» TASK DIRECTIONS
Set down exactly the lines below between the line holding "2025新款双面转角挂钟静音家用客厅现代简约拐角创意时钟阳角钟表" and the line holding "Madonna och barn", inclusive; no other line belongs in the answer.

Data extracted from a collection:
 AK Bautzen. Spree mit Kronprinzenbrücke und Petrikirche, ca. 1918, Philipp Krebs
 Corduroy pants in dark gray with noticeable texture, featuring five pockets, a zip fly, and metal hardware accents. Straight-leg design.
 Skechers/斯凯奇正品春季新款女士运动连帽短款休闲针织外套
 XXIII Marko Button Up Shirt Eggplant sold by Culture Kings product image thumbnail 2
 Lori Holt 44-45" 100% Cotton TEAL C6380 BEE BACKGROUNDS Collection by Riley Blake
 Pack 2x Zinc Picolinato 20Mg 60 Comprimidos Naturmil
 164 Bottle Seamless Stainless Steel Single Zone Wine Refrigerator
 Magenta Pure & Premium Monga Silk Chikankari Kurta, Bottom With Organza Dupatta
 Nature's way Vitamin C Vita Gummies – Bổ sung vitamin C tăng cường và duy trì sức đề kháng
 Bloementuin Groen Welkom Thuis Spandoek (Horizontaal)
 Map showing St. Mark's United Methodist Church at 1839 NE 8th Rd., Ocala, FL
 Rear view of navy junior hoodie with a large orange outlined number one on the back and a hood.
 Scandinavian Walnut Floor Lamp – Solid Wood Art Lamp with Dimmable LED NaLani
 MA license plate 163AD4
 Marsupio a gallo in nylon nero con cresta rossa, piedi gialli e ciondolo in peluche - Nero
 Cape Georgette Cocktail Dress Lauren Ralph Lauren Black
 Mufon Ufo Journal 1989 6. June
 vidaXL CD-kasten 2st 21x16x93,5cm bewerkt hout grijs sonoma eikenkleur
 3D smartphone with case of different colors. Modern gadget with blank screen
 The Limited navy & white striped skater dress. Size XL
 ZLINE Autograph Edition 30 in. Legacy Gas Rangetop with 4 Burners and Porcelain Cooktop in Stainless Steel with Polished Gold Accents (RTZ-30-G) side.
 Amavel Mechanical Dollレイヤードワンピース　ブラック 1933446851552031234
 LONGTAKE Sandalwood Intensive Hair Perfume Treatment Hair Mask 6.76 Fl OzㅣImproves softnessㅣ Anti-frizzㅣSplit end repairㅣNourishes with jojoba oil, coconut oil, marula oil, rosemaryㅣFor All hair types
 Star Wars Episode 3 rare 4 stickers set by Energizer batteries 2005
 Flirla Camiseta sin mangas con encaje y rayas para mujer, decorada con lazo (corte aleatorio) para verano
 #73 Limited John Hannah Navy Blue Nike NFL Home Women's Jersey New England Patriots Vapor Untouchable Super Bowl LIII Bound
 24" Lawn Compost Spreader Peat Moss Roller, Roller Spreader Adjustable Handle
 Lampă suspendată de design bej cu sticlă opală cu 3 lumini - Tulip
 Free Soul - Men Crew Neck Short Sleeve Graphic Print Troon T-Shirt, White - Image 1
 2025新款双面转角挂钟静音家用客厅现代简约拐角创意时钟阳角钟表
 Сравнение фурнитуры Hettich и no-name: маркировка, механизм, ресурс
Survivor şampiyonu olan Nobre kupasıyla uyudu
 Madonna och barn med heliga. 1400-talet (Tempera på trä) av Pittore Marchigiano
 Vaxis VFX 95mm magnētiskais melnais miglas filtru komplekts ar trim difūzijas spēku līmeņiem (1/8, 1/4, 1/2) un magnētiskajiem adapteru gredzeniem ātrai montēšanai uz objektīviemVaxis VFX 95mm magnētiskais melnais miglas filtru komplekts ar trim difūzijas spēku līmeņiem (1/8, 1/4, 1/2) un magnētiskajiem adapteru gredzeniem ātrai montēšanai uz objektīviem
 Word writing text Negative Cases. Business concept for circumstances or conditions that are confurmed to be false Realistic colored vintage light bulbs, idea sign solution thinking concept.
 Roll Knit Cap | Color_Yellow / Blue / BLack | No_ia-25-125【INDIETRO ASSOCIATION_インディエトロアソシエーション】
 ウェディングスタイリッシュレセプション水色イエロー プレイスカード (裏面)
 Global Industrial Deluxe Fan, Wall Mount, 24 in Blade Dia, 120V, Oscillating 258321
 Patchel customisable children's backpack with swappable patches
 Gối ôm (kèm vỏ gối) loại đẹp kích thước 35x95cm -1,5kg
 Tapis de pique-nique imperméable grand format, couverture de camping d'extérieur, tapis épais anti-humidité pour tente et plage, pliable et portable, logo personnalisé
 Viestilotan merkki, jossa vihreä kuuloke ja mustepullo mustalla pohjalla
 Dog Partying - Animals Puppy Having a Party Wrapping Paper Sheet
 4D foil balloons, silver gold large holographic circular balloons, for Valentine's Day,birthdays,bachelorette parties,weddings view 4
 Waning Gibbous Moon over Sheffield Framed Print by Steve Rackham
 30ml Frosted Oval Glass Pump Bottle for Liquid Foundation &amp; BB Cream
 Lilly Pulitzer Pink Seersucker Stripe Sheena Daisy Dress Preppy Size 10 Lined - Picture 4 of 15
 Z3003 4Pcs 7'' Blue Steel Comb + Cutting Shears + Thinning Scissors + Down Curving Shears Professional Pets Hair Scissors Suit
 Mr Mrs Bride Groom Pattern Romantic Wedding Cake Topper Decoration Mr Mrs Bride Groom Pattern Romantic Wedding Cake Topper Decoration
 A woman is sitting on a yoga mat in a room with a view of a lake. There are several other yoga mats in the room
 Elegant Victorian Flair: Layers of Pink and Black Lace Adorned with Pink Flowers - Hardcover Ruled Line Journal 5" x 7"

» ANSWER SPACE
 2025新款双面转角挂钟静音家用客厅现代简约拐角创意时钟阳角钟表
 Сравнение фурнитуры Hettich и no-name: маркировка, механизм, ресурс
Survivor şampiyonu olan Nobre kupasıyla uyudu
 Madonna och barn med heliga. 1400-talet (Tempera på trä) av Pittore Marchigiano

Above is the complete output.